You know I'm only wondering if it's true or not,
but did you change the equation until you liked the sum you got?
Well my my my,
it doesn't really matter.
I've got problems of my own.
why why why
go up and down your ladder,
I've got ladders of my own.
Part 2
Northern Fields Part 1
Could never enter lightly,
into these plans you stage.
Can see my life contained upon your page.
Remember walking silent,
beneath these cold cold stars?
When all my life I've waited for your heart.
You can only hide your eyes, so many times.
And now the silent causes, from which this past is laid,
outweigh the promises that we have made.
My feet in quiet patterns,
across this snowy waste,
my breath in misty gasps, my senses take.

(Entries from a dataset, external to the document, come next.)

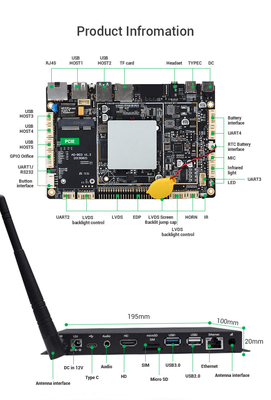 RK3288 Четырехъядерный Cortex-A17 1.8G CPU мультимедийный проигрыватель с сетью RJ45 10/100M Ethernet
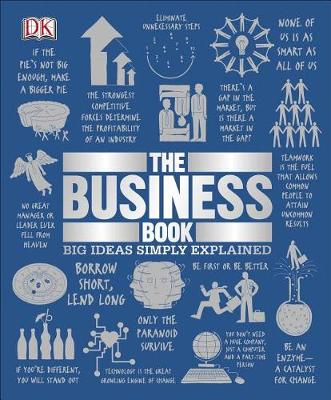 The The Business Book: Big Ideas Simply Explained by DK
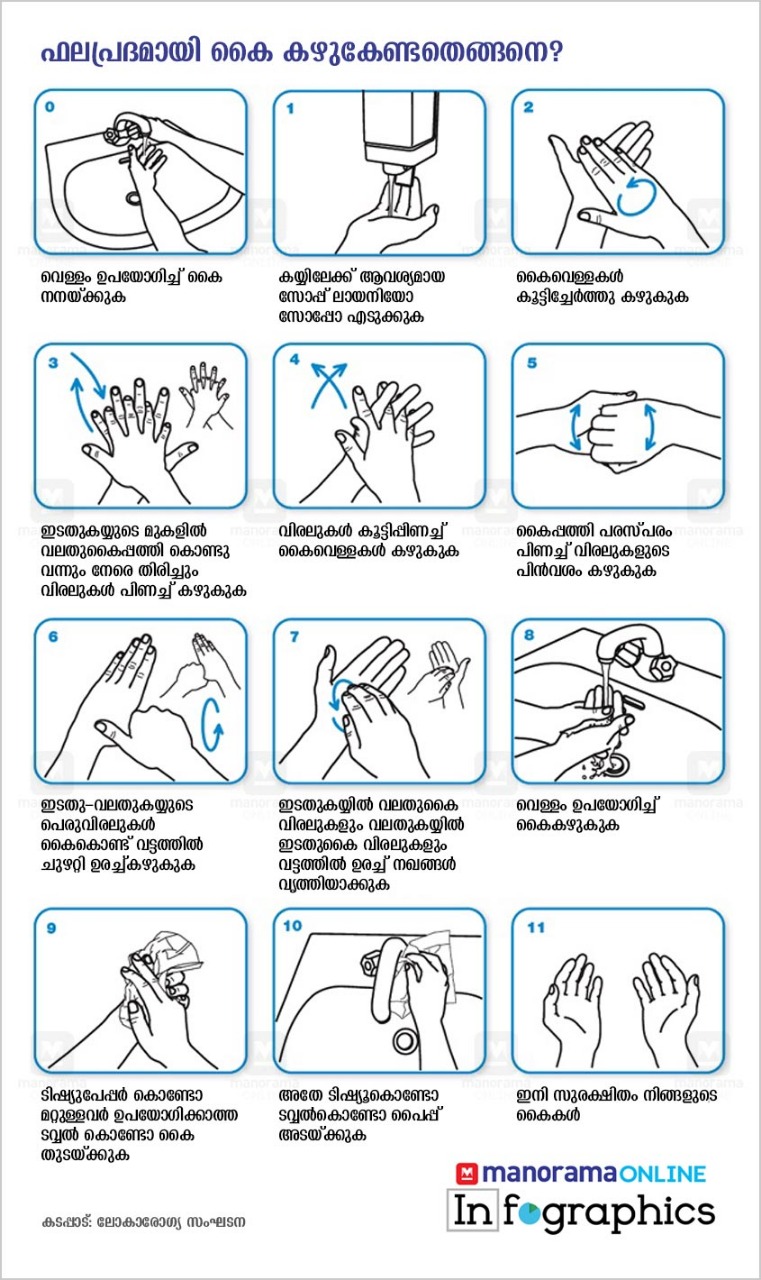 20 സെക്കൻഡിൽ കൈകഴുകി ലോകം രക്ഷപ്പെട്ടത് How Hand washing saves lives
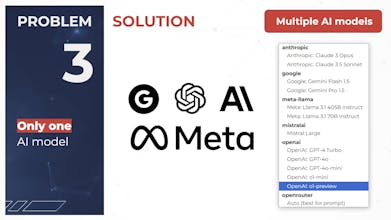 AIpreneurs Business Lab gallery image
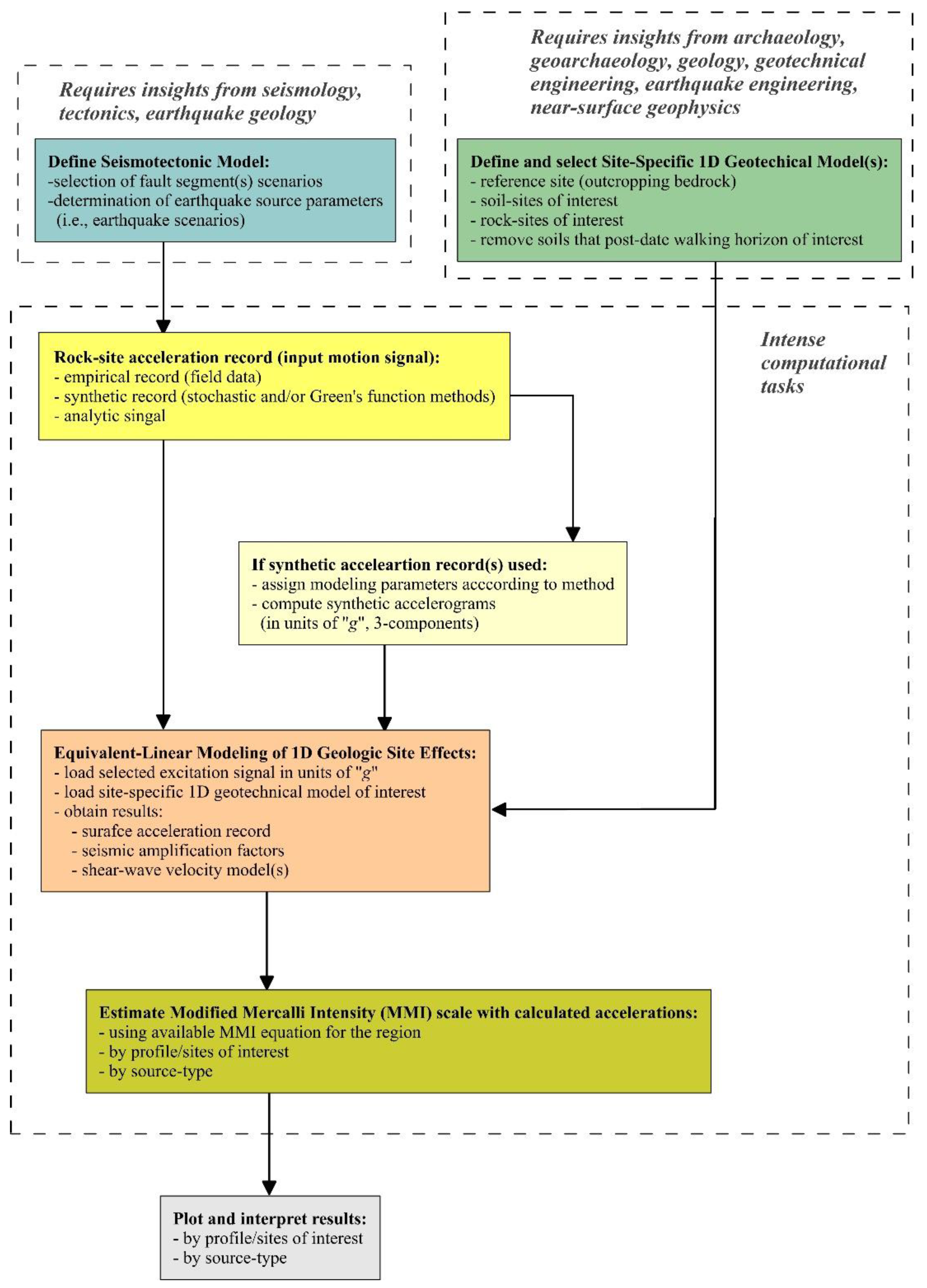 PDF) Structure and Holocene Rupture of the Morelia Fault, Trans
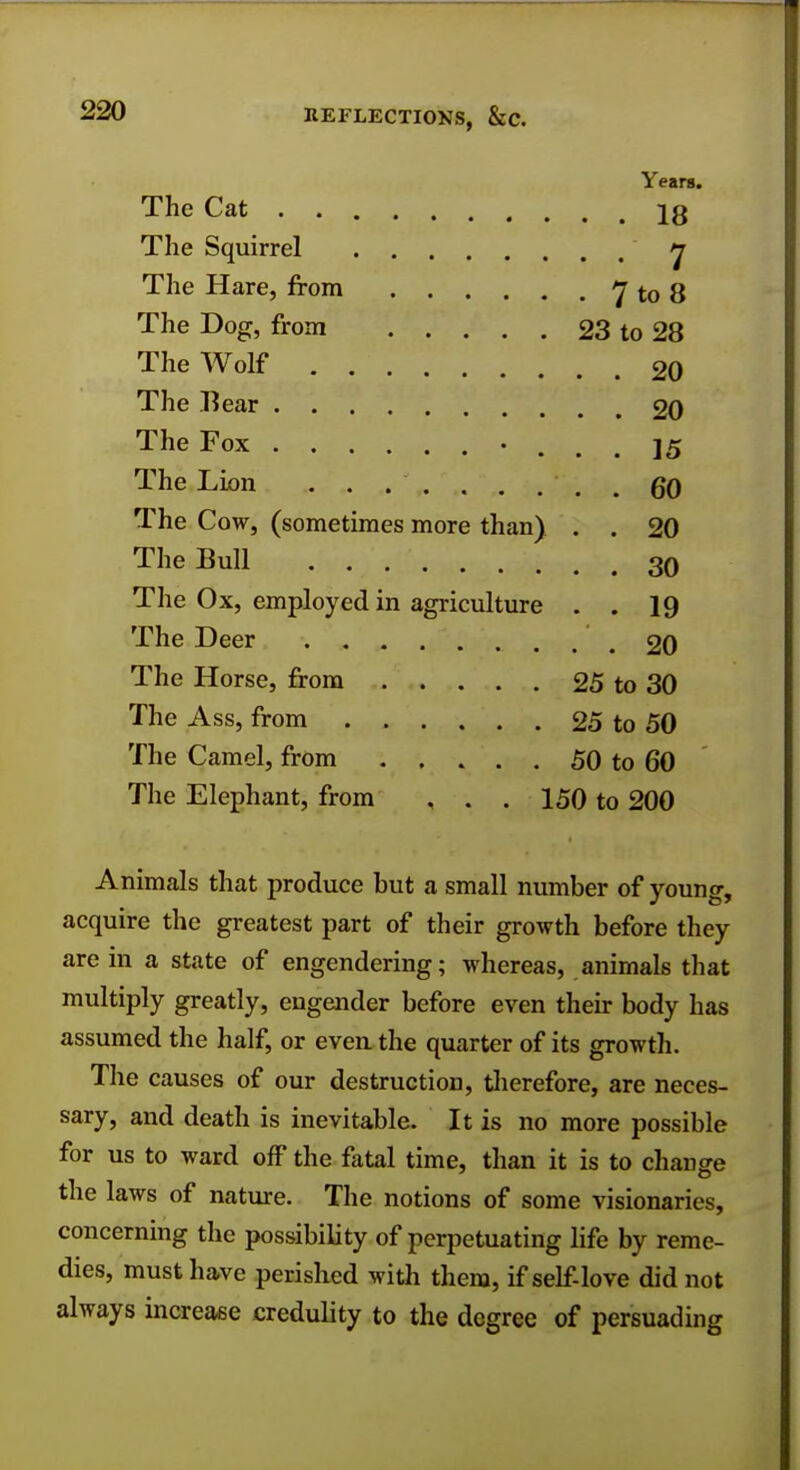 i ears. The Cat . . The Squirrel The Hare, from The Dog, from . . . 23 tn 2ft The Wolf .... The Bear .... The Fox The Lion .... fin The Cow, (sometimes more than) The Bull The Ox, employed in agriculture * • J. tJ The Deer 25 to 30 The Ass, from 25 to 50 50 to 60 The Elephant, from , . . 150 to 200 Animals that produce but a small number of young, acquire the greatest part of their growth before they are in a state of engendering; whereas, animals that multiply greatly, engender before even their body has assumed the half, or even the quarter of its growth. The causes of our destruction, therefore, are neces- sary, and death is inevitable. It is no more possible for us to ward off the fatal time, than it is to change the laws of nature. The notions of some visionaries, concerning the possibility of perpetuating life by reme- dies, must have perished with them, if self-love did not always increase credulity to the degree of persuading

We can't always hide our eyes, this is all we have.
Part 3
McNalley's Rant
The sun goes down behind the ivory towers
where the money pours in by the hour.
A billion dollars changes hands each day,
ask for a dime, they got nothing to say.
I'm wasting my time, I'm wasting my mind
and its all I can do to say to you,
"Don't talk like that"
I miss the ocean, I miss my home,
I feel the tide turn in my bones.
With my shopping cart at Young and Bay,
I see the the tide turn twice a day.
I'm wasting my time, I'm wasting my mind
and its all I can do to say to you,
"Don't talk like that"
I'm wasting my time, I'm wasting my mind
and its all I can do to say to you,
"Don't talk like that"
Part 4
Interlude
Part 5
Northern Fields Part 2
And now the silences passes, from which our past is formed.
outlive the brighter days of this endless storm.
My feet in quiet patterns across this snowy field.
My breath in misty gasps, my senses reel.
We can't always hide our eyes, this is all we have.
Can you even remember the things you said to me?
The things that made us whole, the things you never see.
credits
from 3rd Wheel (The Songs That Didn't Fit),
released August 11, 2015
David Campbell-guitars, bass, piano, keyboards, vibes, percussion, drum programming.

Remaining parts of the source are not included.